Arrestato nel 1993, poi condannato in via definitiva e quindi assolto nel processo di revisione nel 2017.
Ora lo Stato deve pagare agli eredi di Giuseppe Orofino, portato in carcere a 49 anni, un milione e 404.925,25 euro di risarcimento per ingiusta detenzione con l’accusa di strage.
La decisione del maxi risarcimento è della corte d’Appello di Catania. Orofino dopo la lettura della sentenza scoppiò a piangere, urlando di disperazione, sbattendo la testa nel vetro della “gabbia” di imputato, proclamandosi innocente. Ad accusare il carrozziere e altre 6 persone era stato il falso pentito Vincenzo Scarantino che si era autoaccusato di avere partecipato alla strage insieme a Salvatore Candura, anche lui calunniatore. Secondo l’accusa inziale, supportata dalle indagini del gruppo di investigatori Falcone-Borsellino capitanato da Arnaldo La Barbera, Orofino avrebbe fornito una targa pulita per la 126 rubata – che avrebbe anche tenuto nella sua officina – utilizzata come autobomba in via Mariano D’Amelio a Palermo il 19 luglio 1992 per uccidere il procuratore aggiunto Paolo Borsellino e gli agenti della Polizia di Stato Agostino Catalano, Emanuela Loi, Vincenzo Li Muli, Walter Eddie Cosina e Claudio Traina.

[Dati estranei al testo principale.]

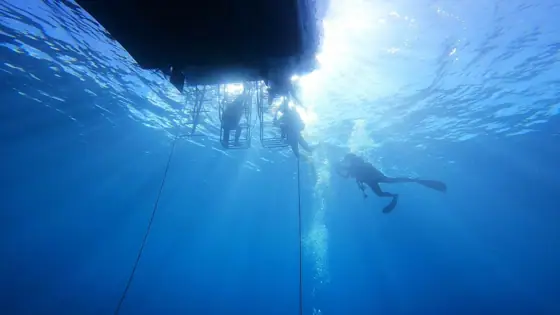 Ishigaki Island Diving Shop Solid Crew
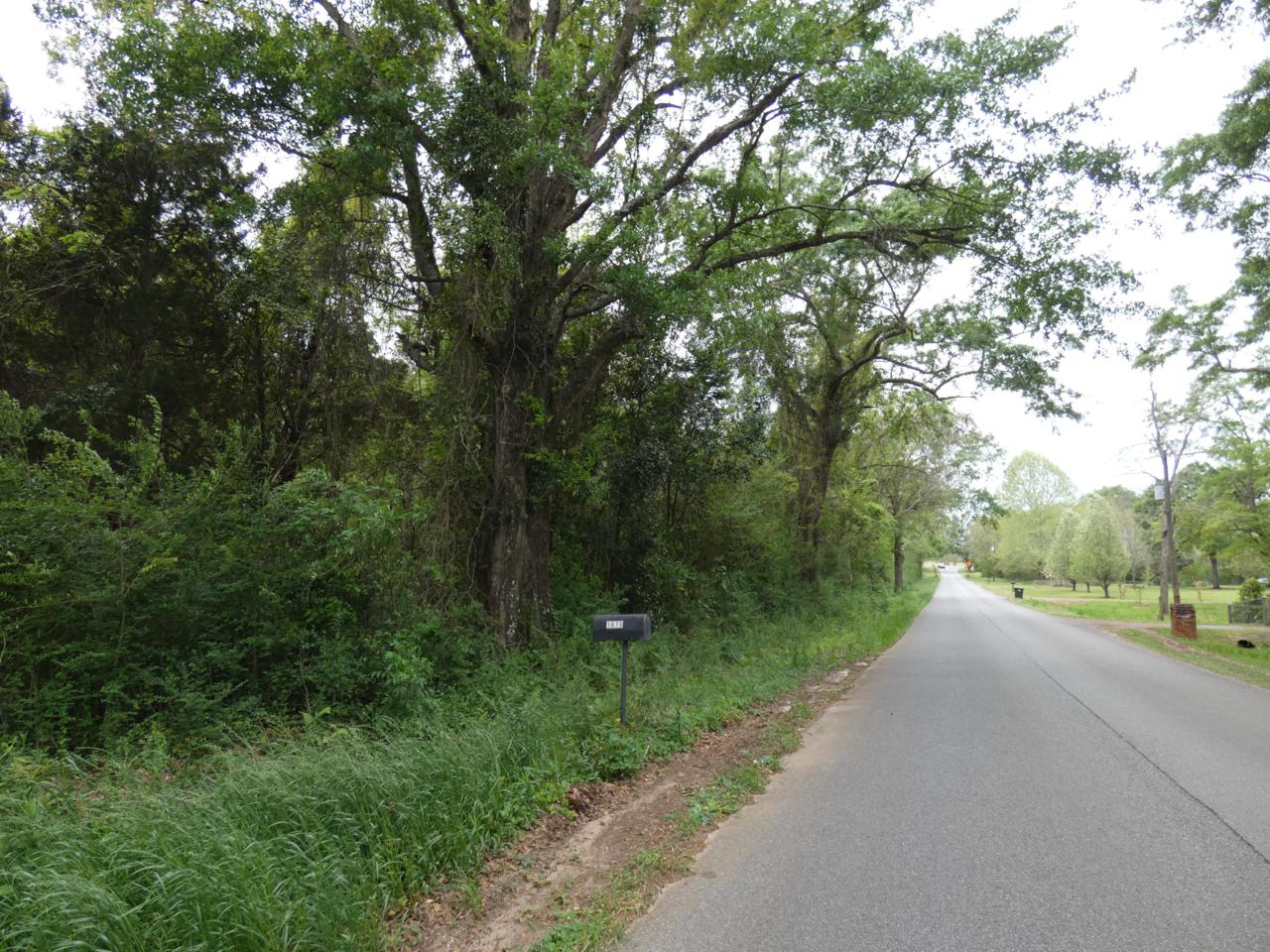 1600 Bet Raines Road - Photo 1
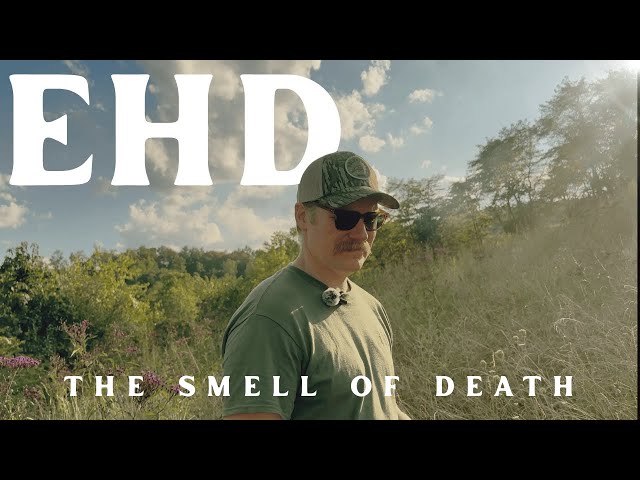 What Every Hunter Needs to Know About EHD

Nel luglio scorso il tribunale di Caltanissetta ha dichiarato prescritte le accuse contestate a Mario Bo e Fabrizio Mattei, due dei tre poliziotti accusati di avere depistato le indagini sulla strage e hanno assolto il terzo imputato, il poliziotto Michele Ribaudo. Erano imputati di calunnia aggravata dall’avere favorito la mafia.
Secondo l’accusa erano stati loro a imbeccare i malavitosi di borgata rendendoli complici degli stragisti e accusatori di persone – alcune già condannate per mafia – poi dichiarate innocenti.